+++ DATA EXTRACTS +++

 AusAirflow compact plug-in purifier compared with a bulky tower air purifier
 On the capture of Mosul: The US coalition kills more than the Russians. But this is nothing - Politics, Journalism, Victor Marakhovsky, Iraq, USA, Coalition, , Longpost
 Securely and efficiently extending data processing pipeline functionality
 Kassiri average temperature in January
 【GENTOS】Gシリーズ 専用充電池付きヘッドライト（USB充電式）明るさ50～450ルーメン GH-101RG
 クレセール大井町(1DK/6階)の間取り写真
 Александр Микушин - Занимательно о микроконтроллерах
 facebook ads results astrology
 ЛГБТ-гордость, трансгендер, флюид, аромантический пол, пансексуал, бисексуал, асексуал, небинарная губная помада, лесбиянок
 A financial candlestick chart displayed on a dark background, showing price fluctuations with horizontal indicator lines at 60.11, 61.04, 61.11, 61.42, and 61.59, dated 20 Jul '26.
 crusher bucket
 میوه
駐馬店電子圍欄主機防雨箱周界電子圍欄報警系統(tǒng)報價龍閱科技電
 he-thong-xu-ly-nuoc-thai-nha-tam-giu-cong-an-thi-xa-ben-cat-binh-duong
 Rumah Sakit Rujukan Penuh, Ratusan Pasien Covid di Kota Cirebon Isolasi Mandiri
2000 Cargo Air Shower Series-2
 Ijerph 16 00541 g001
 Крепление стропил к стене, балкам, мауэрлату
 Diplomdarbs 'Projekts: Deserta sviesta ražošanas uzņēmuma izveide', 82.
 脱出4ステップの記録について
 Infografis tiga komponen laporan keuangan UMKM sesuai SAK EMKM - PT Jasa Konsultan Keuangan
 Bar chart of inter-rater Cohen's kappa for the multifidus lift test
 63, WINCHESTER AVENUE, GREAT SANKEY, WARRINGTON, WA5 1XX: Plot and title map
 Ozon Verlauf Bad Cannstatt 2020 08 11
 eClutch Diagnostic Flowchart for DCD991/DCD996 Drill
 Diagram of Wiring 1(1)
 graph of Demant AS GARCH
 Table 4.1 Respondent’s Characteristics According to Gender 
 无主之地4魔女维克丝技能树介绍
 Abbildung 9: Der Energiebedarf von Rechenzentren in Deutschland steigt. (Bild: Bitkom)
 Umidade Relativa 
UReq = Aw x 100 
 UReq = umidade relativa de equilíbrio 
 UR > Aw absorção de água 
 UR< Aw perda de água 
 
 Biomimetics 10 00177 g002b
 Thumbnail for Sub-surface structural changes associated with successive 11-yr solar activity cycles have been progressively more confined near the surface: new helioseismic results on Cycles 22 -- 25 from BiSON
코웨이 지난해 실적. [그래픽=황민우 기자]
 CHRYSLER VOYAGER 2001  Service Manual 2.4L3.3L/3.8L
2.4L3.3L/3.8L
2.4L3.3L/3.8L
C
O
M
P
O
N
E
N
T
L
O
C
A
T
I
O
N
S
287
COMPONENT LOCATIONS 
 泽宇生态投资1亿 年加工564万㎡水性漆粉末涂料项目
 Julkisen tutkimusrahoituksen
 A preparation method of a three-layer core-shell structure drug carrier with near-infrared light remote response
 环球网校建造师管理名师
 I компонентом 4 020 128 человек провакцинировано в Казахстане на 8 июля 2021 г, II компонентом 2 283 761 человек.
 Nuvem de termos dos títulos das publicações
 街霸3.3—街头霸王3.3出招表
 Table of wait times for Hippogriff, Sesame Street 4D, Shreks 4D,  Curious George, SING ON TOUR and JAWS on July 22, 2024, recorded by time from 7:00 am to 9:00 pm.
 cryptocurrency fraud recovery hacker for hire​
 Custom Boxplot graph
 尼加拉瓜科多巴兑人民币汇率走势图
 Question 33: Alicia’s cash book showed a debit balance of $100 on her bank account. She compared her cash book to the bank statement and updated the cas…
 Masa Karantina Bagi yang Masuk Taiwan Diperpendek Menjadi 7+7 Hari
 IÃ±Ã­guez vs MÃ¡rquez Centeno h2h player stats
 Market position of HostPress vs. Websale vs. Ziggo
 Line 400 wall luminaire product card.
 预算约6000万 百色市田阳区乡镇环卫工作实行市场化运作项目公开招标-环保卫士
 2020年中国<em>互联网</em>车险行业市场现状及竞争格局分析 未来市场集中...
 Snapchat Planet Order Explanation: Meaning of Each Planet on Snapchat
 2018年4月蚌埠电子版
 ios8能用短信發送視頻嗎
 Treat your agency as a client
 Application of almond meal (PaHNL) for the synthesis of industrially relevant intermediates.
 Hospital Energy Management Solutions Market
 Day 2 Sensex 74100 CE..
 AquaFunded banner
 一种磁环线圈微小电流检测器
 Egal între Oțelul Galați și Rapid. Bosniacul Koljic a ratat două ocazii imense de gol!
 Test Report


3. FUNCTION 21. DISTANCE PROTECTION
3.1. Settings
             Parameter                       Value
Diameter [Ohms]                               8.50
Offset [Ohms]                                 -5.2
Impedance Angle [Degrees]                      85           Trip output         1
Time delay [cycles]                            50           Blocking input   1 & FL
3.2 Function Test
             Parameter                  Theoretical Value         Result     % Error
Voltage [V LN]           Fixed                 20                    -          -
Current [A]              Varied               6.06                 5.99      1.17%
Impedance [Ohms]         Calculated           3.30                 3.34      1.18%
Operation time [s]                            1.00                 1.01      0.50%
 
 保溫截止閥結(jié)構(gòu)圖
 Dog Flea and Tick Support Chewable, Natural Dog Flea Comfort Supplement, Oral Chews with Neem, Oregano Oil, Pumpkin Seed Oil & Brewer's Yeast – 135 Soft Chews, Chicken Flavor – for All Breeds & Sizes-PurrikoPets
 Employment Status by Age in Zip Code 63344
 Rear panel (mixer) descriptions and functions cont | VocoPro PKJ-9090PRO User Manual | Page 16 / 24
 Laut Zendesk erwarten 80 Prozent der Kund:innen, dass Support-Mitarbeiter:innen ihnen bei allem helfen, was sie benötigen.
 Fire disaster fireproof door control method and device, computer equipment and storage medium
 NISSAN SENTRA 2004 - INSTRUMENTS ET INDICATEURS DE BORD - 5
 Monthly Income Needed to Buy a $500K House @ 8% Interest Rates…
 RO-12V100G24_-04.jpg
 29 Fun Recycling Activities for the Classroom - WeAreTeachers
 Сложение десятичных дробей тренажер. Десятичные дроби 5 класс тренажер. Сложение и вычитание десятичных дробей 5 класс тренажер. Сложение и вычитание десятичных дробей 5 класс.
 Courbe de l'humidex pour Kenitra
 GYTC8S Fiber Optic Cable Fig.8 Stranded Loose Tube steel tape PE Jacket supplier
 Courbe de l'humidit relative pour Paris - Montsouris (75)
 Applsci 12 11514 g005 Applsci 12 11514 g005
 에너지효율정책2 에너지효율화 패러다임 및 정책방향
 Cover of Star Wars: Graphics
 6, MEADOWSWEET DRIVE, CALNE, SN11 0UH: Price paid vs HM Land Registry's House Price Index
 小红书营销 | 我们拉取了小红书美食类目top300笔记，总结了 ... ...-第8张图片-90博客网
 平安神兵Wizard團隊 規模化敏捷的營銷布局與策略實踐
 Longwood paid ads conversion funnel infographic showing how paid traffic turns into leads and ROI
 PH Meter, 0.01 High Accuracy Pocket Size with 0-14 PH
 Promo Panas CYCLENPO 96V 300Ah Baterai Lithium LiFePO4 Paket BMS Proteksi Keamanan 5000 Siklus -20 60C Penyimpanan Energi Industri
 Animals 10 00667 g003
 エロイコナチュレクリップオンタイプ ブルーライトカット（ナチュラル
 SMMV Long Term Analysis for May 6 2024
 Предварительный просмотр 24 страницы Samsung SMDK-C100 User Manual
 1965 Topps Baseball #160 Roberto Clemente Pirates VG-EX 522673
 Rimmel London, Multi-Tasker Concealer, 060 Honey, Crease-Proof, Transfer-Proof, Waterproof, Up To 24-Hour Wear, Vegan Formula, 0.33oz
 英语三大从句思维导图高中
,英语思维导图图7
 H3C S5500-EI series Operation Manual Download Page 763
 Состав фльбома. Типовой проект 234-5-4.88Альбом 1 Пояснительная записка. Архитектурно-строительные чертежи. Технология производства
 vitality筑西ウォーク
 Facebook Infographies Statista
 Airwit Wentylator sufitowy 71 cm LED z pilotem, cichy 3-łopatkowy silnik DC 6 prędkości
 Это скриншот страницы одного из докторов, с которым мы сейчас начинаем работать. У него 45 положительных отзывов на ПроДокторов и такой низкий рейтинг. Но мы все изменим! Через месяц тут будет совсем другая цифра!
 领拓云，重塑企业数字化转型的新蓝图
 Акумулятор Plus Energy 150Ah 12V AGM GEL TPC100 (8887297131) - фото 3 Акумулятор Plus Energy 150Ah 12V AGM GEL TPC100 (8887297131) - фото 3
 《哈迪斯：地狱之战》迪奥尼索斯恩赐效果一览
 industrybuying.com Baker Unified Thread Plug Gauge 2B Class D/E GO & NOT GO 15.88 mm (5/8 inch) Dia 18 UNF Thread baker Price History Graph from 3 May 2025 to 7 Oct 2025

+++

■ WHAT YOU WILL DO:
The word "method" appears in some lines above. Return every one of those lines.

■ WRITTEN ANSWER:
 A preparation method of a three-layer core-shell structure drug carrier with near-infrared light remote response
 Fire disaster fireproof door control method and device, computer equipment and storage medium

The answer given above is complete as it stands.